All records are to be restated word for word, with pictures excluded.

== Provided entries

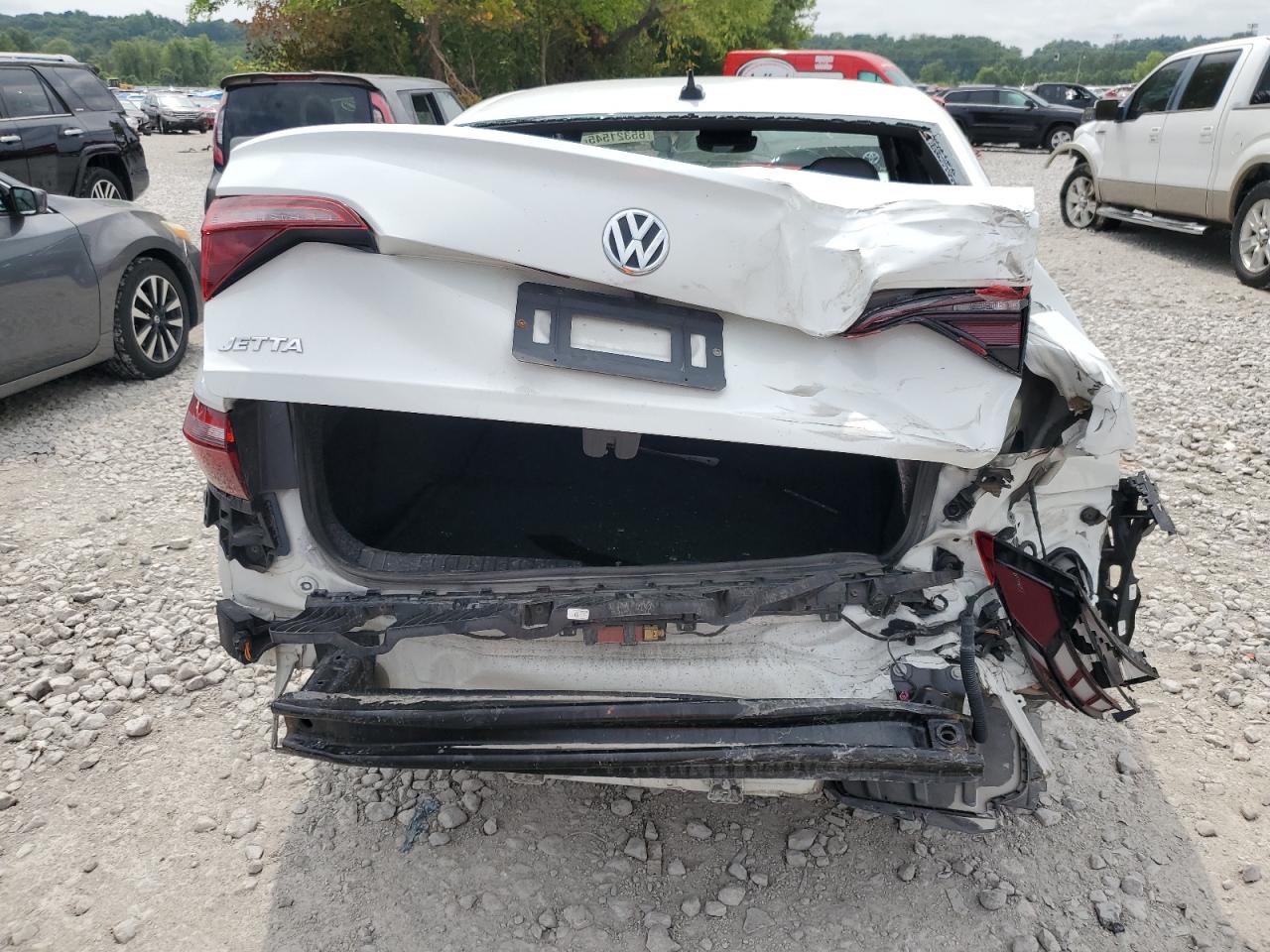 2021 Volkswagen Jetta S VIN: 3VWN57BU4MM092181 Lot: 65321545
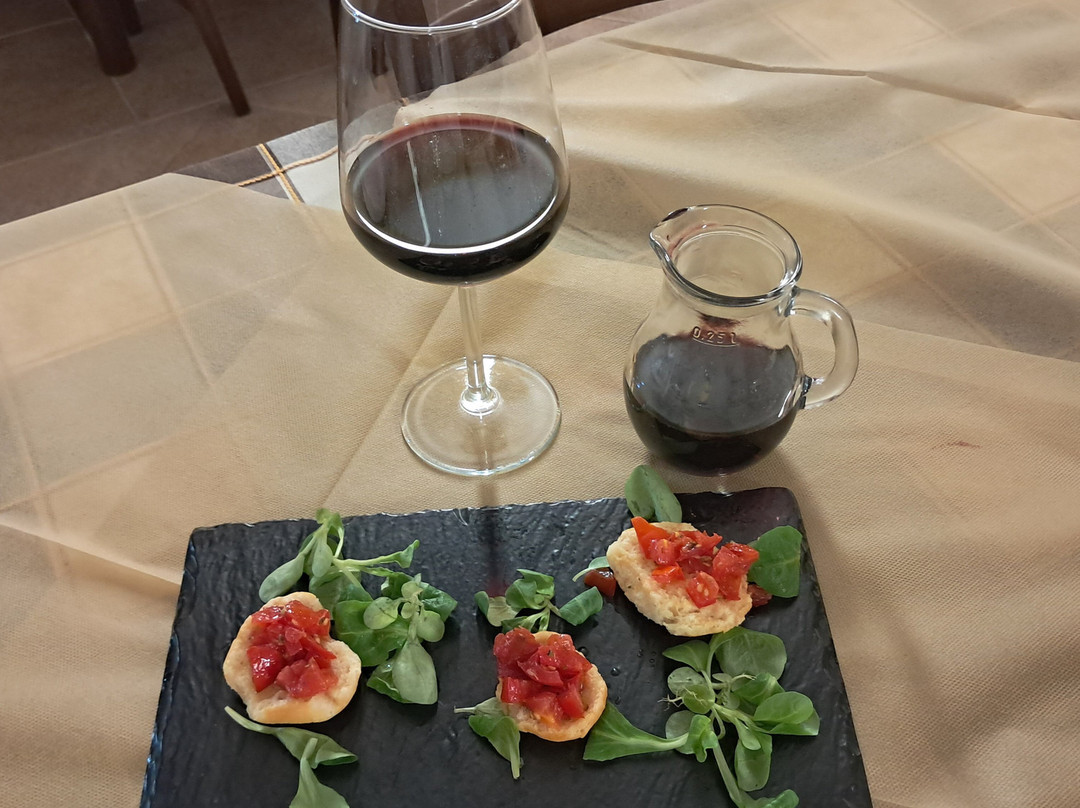 Osteria La Focara Novoli di Lecce 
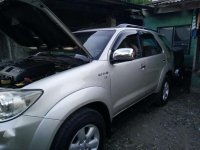 Toyota Fortuner V 2011 4x4 3.0 for sale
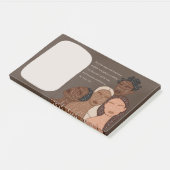 詩編91, TPT黒人女性大祈りの言葉 ポストイット (アングル)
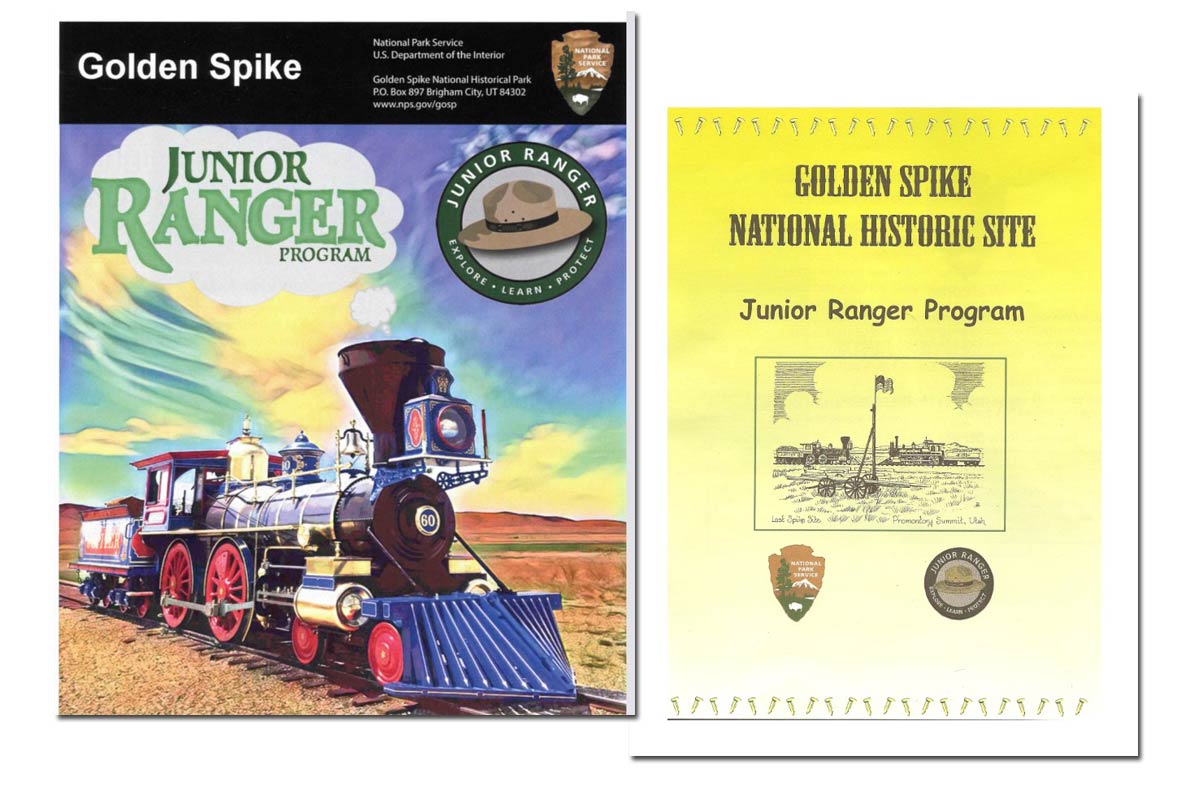 Golden Spike Activity Book ~ Free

====

**Written response**
 2021 Volkswagen Jetta S VIN: 3VWN57BU4MM092181 Lot: 65321545
 Osteria La Focara Novoli di Lecce 
 Toyota Fortuner V 2011 4x4 3.0 for sale
 詩編91, TPT黒人女性大祈りの言葉 ポストイット (アングル)
 Golden Spike Activity Book ~ Free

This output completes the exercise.